Methods: Six different mutations were designed for the DNA binding helix-turn-helix motif of MphR(E) to increase the affinity towards the promoter DNA. The mutations were made by splicing by overlap extension PCR (SOE-PCR), inserted into a Pac400c plasmid and transformed into Escherichia Coli XL-1 Blue. Five of the mutations, MphR(E) and MphR(A) were produced and purified using affinity chromatography. MphR(E) was measured by mass spectrometry. Furthermore, the Dissociation constant (Kd) was calculated for MphR(E) and two mutations both containing histidine tags after fluorescence polarization.
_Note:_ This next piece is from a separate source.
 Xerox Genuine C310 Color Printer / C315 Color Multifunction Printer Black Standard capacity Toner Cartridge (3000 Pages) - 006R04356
Results: The five mutations were successfully produced in E. Coli and purified along with MphR(E) and MphR(A). In fluorescence polarization the undigested MphR(E) had a Kd of 204 nM, MphR(E)_CG had a Kd of 576 nM and MphR(E)_K had a Kd of 652 nM. Showing that the more MphR(E) becomes like MphR(A) the weaker the affinity towards the promoter DNA becomes. The mass spectrometry showed that MphR(E) was well purified and that the histidine tag was cleaved from the specific cleavage site and from two other sites.

Conclusions: Most of mutations designed were produced and purified. The purification was successful but the cleavage needed further optimization. The aims of this study were met by gaining information of the DNA binding affinity of MphR(E) which was higher than the one of MphR(A) unlike presumed. The mutations made MphR(E) more like MphR(A) and on the contrary did not succeeded in lowering the DNA affinity. All of the proteins can be further analyzed by mass spectrometry and by fluorescence polarization to determine the Kd and to evaluate the cleavage of the histidine tag.